RE: Provenance usage scenario - releaseTime from Ronald Daniel on 2002-02-16 (w3c-rdfcore-wg@w3.org from February 2002)

From: Ronald Daniel <rdaniel@interwoven.com>
Date: Fri, 15 Feb 2002 21:37:33 -0800
To: "'fmanola@mitre.org'" <fmanola@mitre.org>
Cc: w3c-rdfcore-wg@w3.org
Message-ID: <145C1D60907A4944ABAE75DE3FF6418C2C7FE1@xchanger3.interwoven.com>
Frank asked:

> Could you clarify something about your example?
> > 
> >       <someArticleURI> <D:describedBy> ?M     # M is metadata record URI
> >       ?M   <prism:receptionTime>  ?Tgot
> >       ?M   <dc:source>  ?FromWho
> >       ?M   <x:contains> ?_S                   # _S is statement URI
> >       ?_S  <rdf:type>  <rdf:Statement>
> >       ?_S  <rdf:subject> <someArticleURI>
> >       ?_S  <rdf:predicate> <prism:releaseTime>
> >       ?_S  <rdf:object> ?Trel
> 
> Are you assuming that the metadata record M contains the individual
> triples that you would expect to see produced from parsing the XML/RDF
> you give initially, or does it contain a set of reification quads (the
> quads with ?_S as subject) expanded from those triples that would then
> be directly matched by the query syntax?  
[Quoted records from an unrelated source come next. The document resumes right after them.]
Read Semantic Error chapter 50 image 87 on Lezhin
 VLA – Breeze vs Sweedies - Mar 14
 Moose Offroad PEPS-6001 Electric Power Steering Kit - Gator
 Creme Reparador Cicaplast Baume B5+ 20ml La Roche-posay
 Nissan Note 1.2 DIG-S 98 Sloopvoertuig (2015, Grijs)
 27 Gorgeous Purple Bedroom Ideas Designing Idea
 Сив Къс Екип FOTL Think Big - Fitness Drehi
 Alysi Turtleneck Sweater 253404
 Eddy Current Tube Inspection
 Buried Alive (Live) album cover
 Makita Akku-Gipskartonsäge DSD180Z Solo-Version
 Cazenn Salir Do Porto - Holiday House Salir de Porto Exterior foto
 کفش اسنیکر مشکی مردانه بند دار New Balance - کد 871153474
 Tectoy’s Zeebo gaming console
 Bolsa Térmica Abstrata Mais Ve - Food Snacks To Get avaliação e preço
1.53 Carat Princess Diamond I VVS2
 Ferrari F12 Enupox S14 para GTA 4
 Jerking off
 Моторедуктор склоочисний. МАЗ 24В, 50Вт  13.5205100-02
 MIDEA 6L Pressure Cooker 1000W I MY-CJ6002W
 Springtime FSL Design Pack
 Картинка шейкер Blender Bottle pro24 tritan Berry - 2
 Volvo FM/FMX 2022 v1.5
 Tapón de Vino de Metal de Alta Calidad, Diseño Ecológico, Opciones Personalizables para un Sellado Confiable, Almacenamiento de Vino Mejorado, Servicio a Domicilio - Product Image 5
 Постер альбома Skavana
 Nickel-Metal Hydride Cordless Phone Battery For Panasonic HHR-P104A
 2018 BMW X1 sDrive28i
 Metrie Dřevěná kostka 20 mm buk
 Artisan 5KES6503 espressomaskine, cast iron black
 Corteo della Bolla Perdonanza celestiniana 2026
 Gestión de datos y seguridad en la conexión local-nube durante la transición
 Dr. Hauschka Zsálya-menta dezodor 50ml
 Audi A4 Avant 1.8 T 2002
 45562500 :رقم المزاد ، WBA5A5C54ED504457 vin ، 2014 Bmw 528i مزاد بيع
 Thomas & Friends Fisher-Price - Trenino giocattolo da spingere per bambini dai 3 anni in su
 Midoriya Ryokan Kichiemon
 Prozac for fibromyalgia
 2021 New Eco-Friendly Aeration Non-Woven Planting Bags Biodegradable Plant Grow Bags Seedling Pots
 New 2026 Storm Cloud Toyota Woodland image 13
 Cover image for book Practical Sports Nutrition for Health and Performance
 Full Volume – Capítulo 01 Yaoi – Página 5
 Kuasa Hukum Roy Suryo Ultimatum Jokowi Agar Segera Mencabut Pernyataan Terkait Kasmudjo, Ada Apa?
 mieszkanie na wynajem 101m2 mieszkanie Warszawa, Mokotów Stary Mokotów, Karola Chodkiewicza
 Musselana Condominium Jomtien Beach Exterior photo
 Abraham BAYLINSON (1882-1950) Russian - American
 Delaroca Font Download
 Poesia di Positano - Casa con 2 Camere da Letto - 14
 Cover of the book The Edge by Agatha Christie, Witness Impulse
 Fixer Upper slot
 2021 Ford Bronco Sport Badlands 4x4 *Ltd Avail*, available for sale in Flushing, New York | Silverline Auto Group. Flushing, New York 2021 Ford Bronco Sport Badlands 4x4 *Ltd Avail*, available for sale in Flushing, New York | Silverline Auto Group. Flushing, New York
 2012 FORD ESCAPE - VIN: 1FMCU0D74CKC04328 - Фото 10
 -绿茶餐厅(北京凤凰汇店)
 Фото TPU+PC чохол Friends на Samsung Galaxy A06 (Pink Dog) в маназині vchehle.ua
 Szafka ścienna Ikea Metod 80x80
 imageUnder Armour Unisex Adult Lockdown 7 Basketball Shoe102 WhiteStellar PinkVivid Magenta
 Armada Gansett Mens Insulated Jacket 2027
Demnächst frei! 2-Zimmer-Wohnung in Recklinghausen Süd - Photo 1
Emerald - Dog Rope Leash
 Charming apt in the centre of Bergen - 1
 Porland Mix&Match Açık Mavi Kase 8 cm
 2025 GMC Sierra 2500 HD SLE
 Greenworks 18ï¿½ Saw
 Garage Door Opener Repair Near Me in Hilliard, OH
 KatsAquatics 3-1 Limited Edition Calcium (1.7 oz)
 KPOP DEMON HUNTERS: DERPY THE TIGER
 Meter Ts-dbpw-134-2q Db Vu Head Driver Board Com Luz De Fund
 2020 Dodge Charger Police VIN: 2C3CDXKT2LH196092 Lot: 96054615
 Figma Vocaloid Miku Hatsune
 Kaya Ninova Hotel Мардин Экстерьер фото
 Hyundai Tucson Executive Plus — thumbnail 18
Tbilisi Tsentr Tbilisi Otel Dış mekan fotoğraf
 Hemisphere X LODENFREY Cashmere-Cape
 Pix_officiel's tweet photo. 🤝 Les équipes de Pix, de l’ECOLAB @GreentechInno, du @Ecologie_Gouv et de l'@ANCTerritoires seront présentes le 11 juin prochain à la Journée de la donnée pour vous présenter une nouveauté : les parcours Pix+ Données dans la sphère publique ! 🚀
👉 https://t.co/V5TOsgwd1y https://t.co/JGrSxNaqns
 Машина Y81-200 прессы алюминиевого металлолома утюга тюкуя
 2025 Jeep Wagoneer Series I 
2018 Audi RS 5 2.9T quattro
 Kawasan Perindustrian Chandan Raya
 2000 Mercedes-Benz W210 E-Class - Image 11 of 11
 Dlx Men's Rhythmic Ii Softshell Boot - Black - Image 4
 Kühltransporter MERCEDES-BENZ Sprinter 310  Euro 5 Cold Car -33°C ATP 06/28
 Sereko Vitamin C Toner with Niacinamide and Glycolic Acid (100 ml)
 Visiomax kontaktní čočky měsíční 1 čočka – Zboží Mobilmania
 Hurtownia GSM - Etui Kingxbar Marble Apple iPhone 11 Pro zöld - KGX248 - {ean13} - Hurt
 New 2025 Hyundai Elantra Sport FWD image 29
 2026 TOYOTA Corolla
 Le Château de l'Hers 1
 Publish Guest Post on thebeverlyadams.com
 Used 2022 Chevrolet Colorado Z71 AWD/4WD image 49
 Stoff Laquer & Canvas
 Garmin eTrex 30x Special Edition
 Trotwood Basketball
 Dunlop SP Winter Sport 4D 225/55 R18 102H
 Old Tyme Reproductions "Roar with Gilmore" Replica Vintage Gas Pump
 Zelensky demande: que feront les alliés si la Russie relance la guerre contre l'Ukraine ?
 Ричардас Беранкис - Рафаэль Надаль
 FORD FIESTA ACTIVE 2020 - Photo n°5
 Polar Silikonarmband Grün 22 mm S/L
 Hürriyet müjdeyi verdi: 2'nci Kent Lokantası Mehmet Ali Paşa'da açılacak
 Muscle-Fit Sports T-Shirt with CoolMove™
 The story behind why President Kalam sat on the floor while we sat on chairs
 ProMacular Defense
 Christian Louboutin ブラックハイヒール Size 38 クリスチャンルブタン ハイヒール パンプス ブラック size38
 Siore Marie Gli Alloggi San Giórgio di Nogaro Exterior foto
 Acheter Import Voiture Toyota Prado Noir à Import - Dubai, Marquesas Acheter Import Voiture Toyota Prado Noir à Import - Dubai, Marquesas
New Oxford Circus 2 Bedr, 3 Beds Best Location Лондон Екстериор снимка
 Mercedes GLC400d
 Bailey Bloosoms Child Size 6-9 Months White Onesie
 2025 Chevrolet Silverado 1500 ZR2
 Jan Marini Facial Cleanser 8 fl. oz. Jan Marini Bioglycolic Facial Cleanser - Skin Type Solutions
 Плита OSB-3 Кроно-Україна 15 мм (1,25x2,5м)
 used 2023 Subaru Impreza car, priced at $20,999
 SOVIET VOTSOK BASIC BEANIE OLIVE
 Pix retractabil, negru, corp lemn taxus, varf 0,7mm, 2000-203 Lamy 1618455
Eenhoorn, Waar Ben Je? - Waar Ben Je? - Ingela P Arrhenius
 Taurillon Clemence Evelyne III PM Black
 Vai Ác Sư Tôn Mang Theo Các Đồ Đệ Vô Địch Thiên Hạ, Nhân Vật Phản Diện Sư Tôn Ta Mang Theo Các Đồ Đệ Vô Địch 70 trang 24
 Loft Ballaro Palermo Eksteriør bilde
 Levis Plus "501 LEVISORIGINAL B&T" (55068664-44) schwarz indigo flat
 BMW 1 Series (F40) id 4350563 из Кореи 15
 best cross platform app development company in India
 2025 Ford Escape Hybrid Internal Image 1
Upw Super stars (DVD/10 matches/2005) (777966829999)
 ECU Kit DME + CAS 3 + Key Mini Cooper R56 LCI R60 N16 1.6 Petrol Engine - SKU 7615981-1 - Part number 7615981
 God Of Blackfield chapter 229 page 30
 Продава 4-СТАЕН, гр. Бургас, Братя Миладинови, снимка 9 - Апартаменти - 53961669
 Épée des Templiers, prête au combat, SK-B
The former. I assume the query processor 'knows' enough about
rdf:subject, rdf:predicate, and rdf:object to be able to answer
queries as if they are there, but there is no way I want all that
gunk cluttering up the graph.

(To digress for a moment; I actually assume M would identify a text file,
or a text string in a DB, that holds the serialized RDF that was actually
received. Reason is that it is better for the provenance application to
be able to say "here are the bits we got from you" instead of
"here are the bits we kept after we fiddled around with what you sent us".
Of course, the query engine that would have the job of searching those
files would probably have built a search index that looks astonishingly
like a triples store. But I assume it will only have the explicit triples
in it.)

> Comment:  This, I think, illustrates one of the reasons for having a
> standard vocabulary for describing statements (you can use it in
> queries).

Complete agreement.

> It's still not clear to me how the vocabulary per 
> se helps in
> recording  provenance information,

If by 'vocabulary' you mean rdf:subject,predicate,object I agree that
they do not directly have much to do with the provenance of a
statement or graph. However, being able to pick those fields out
of a statement is important so we can do the queries.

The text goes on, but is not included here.